Problem statement: Of the lines in the data below, write out exactly those from the one holding "UPDATED BIOS BIOSTAR" through the one holding "Smart-tv, een tafeltennistafel en een stereo", both included.

[Web page caption snippets]
============

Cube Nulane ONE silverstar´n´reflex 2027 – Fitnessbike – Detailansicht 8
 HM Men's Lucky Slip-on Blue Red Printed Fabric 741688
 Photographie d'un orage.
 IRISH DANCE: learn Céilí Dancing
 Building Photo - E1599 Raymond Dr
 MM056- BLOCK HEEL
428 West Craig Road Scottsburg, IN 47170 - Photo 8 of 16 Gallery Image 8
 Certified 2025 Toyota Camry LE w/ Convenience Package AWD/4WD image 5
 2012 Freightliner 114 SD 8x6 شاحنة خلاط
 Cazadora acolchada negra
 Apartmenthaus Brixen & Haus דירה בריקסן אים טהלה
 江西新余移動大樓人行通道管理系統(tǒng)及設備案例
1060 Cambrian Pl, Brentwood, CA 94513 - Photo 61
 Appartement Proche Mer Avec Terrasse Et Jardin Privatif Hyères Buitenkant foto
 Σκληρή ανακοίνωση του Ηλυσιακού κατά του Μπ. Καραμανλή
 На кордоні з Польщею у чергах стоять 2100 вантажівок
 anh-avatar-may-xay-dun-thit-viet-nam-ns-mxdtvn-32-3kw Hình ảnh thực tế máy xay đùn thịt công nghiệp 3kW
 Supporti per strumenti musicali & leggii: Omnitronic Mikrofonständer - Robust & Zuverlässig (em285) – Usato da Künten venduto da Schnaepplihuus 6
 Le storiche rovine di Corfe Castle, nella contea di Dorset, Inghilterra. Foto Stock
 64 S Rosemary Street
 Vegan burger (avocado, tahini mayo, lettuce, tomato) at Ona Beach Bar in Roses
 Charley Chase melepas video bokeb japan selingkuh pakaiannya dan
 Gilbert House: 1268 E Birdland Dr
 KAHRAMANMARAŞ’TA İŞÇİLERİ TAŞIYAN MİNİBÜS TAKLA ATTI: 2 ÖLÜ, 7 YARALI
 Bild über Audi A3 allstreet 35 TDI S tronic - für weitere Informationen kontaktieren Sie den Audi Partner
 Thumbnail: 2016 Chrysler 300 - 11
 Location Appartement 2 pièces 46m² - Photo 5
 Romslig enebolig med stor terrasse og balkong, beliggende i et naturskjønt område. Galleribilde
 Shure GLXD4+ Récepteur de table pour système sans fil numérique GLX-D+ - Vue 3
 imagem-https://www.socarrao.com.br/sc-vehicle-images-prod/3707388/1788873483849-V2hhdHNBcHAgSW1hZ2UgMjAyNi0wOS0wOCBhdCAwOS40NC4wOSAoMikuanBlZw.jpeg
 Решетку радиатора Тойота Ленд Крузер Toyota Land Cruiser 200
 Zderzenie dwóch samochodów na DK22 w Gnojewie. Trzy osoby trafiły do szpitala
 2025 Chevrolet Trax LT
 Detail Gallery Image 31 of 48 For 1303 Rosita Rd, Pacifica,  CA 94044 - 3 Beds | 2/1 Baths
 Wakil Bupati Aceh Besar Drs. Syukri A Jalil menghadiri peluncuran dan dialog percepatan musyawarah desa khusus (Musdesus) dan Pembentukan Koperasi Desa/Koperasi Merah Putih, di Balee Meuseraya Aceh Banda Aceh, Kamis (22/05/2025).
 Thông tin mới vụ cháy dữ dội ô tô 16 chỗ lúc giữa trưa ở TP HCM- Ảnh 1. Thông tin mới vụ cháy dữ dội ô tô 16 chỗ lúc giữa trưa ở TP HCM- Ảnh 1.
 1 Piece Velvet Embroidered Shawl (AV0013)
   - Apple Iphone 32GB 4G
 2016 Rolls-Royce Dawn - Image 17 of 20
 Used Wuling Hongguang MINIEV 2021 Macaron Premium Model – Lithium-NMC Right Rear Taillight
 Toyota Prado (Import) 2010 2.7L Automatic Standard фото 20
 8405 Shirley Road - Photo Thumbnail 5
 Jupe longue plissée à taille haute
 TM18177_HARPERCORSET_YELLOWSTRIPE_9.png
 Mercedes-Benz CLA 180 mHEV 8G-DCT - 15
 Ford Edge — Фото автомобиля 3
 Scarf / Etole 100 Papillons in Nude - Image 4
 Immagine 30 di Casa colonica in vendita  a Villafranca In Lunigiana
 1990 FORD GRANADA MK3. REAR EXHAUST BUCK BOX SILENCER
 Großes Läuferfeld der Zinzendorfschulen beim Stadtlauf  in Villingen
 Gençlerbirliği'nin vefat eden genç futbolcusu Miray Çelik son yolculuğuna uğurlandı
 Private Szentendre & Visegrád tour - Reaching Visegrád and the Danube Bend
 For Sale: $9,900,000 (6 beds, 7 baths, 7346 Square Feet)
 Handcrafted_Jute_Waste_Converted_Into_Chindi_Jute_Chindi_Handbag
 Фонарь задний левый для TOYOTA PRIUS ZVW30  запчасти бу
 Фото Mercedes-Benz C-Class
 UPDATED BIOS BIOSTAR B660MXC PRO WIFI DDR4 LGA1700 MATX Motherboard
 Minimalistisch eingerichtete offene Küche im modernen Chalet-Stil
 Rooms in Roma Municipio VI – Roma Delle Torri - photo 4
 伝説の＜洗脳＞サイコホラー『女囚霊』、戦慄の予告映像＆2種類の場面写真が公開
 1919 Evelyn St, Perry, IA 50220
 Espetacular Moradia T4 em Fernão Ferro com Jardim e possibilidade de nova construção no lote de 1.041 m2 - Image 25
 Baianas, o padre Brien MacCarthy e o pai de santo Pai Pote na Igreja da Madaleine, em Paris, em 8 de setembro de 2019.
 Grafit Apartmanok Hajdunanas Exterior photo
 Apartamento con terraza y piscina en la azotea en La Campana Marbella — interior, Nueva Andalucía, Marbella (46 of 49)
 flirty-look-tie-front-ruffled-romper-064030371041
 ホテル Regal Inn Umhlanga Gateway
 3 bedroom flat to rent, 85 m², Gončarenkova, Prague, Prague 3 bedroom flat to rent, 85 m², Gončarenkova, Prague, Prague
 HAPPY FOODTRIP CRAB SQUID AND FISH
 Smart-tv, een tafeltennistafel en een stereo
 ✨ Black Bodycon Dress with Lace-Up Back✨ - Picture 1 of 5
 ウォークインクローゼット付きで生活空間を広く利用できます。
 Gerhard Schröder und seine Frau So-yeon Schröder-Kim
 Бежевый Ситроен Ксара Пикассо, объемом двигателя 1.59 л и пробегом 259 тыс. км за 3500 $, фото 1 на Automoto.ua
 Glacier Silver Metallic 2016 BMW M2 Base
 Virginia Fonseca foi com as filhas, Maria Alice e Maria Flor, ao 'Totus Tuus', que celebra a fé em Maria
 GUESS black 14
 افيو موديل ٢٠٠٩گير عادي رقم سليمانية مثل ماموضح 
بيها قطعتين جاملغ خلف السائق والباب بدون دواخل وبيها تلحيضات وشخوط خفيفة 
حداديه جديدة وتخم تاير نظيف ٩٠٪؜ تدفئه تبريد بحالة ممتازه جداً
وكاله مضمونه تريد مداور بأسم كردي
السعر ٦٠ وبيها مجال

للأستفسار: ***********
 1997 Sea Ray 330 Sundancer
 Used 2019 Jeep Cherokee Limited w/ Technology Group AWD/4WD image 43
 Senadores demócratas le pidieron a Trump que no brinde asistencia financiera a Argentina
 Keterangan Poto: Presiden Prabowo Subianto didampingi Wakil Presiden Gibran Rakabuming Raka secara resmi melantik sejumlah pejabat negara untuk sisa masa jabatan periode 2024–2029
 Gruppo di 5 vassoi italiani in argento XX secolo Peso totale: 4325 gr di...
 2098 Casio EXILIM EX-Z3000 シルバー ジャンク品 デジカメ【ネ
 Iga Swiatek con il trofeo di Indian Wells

============

Your solution:
 UPDATED BIOS BIOSTAR B660MXC PRO WIFI DDR4 LGA1700 MATX Motherboard
 Minimalistisch eingerichtete offene Küche im modernen Chalet-Stil
 Rooms in Roma Municipio VI – Roma Delle Torri - photo 4
 伝説の＜洗脳＞サイコホラー『女囚霊』、戦慄の予告映像＆2種類の場面写真が公開
 1919 Evelyn St, Perry, IA 50220
 Espetacular Moradia T4 em Fernão Ferro com Jardim e possibilidade de nova construção no lote de 1.041 m2 - Image 25
 Baianas, o padre Brien MacCarthy e o pai de santo Pai Pote na Igreja da Madaleine, em Paris, em 8 de setembro de 2019.
 Grafit Apartmanok Hajdunanas Exterior photo
 Apartamento con terraza y piscina en la azotea en La Campana Marbella — interior, Nueva Andalucía, Marbella (46 of 49)
 flirty-look-tie-front-ruffled-romper-064030371041
 ホテル Regal Inn Umhlanga Gateway
 3 bedroom flat to rent, 85 m², Gončarenkova, Prague, Prague 3 bedroom flat to rent, 85 m², Gončarenkova, Prague, Prague
 HAPPY FOODTRIP CRAB SQUID AND FISH
 Smart-tv, een tafeltennistafel en een stereo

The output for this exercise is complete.